Reblogged from Michael Meacher MP:
It seems almost indecent to recount that the richest 400 Americans now own,
staggering as it may seem, no less than£1.4 trillions, a collective fortune
slightly bigger than the Russian economy. The latest figures also reveal that
in the US 95% of the gains from the recovery have gone to the richest 1% of the
population. Their share of overall income is now close to the highest level in
a century. The most unequal country in the Western world is now becoming even
more so.
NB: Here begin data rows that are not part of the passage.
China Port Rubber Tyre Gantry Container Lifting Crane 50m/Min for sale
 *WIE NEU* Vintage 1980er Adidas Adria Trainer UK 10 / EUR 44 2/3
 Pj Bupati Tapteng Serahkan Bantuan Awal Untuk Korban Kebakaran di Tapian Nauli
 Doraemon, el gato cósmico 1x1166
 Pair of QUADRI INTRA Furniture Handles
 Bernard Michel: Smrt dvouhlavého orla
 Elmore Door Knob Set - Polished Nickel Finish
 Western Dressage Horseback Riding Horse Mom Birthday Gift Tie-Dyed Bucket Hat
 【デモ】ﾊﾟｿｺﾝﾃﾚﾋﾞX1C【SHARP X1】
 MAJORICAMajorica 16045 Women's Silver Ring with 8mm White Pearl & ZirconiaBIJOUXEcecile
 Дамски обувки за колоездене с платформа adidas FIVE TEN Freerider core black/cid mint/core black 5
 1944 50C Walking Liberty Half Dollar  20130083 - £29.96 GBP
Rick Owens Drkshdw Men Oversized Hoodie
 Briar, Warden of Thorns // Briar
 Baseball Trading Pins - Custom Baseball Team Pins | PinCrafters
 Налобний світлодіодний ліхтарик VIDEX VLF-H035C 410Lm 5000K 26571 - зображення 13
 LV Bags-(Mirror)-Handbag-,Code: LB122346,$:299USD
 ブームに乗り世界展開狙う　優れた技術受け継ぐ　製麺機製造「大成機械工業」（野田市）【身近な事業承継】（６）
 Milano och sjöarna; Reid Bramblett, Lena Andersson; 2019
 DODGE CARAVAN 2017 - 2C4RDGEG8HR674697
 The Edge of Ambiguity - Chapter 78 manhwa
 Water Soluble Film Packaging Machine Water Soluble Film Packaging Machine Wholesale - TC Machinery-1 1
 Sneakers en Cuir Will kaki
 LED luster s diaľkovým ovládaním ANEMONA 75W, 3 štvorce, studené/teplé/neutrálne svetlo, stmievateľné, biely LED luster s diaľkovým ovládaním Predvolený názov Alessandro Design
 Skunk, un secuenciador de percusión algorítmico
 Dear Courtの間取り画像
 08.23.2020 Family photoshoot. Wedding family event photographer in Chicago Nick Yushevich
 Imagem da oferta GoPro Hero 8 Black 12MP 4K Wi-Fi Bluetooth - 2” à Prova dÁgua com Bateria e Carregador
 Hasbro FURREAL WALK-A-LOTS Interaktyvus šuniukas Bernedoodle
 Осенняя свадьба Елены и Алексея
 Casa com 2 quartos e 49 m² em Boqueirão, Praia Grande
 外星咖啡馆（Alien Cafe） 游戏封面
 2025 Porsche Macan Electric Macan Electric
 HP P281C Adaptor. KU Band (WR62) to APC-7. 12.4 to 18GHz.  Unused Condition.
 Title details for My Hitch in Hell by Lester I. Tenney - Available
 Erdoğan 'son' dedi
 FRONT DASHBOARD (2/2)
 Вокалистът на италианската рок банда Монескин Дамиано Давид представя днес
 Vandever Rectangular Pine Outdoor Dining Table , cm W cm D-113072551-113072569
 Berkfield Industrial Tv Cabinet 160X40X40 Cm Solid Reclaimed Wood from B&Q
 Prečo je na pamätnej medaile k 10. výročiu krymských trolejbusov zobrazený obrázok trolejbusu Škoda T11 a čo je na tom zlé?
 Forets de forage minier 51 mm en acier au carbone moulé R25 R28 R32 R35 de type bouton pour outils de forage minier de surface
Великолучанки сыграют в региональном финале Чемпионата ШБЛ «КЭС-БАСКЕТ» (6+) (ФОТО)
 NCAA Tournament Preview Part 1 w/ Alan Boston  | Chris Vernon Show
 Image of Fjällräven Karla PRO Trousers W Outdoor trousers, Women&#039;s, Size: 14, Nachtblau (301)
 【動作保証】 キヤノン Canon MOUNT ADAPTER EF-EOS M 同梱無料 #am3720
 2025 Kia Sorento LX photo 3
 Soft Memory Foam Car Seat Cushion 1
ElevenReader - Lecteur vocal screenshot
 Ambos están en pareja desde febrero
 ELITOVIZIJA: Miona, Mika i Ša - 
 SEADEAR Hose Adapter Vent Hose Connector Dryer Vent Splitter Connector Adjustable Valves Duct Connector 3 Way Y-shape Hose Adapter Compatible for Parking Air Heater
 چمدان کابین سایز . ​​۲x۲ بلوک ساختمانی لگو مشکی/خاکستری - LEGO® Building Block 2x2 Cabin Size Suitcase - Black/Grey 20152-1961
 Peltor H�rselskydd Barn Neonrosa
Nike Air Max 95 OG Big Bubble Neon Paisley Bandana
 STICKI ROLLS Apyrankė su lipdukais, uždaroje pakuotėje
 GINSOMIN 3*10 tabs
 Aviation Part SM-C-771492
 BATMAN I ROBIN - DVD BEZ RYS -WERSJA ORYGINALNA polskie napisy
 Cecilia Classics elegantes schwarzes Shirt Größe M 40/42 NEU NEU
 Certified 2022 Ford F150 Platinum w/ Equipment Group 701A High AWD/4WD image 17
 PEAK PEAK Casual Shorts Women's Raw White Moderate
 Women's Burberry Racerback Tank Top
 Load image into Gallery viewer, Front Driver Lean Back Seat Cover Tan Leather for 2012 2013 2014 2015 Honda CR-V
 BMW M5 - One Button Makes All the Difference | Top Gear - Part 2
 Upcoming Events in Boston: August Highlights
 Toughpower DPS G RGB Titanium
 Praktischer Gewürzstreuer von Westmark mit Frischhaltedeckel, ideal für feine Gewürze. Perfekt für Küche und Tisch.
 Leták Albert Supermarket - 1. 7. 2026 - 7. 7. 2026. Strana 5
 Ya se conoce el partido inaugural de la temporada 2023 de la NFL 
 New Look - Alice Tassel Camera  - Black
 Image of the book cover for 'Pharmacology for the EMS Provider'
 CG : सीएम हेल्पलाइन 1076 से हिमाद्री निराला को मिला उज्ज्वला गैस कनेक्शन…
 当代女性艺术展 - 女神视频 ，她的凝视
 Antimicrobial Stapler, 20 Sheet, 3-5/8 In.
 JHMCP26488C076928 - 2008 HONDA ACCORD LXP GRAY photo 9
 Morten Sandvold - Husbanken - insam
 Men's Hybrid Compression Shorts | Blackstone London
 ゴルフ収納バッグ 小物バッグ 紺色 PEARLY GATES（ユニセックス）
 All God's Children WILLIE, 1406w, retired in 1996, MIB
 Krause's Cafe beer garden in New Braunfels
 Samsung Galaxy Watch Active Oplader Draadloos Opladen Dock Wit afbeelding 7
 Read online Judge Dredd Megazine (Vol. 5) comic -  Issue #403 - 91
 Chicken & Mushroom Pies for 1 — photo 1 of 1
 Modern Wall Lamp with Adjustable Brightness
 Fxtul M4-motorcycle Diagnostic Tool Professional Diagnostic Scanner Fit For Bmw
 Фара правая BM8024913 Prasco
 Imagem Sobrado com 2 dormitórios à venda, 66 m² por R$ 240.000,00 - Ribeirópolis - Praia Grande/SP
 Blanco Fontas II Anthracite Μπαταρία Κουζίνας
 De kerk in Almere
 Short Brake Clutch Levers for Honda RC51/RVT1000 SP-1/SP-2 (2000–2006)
A similar pattern is now emerging in the UK. According to the
Sunday Times Rich List, published each year in April, the richest 1,000 Britons
who constitute just 0.003% of the population have increased their wealth in the
last year alone by £35bn, and by a stunning £190bn over the 4 years since the
crash. Within the top 2% of the population HMRC records that there were 4,000
persons paid more than £1 million a year in 1999, but this became 10,000 by 2010
and then a huge rise to 18,000 by 2013.
This contrasts with the findings of the Resolution Foundation that the
economic downturn in the UK had pushed another 1.4 million employees below the
living wage (£8.45 an hour in London and £7.55 elsewhere in the country) widely
regarded as necessary for a basic standard of living in Britain. Altogether
the study ‘Low Pay Britain 2013′ found that no less than a fifth of all
employees – 4.8 million Britons – now earn below this living wage. So far from
falling since the height of the recession in 2009, this number paid below the
legal minimum has actually grown by over 40%.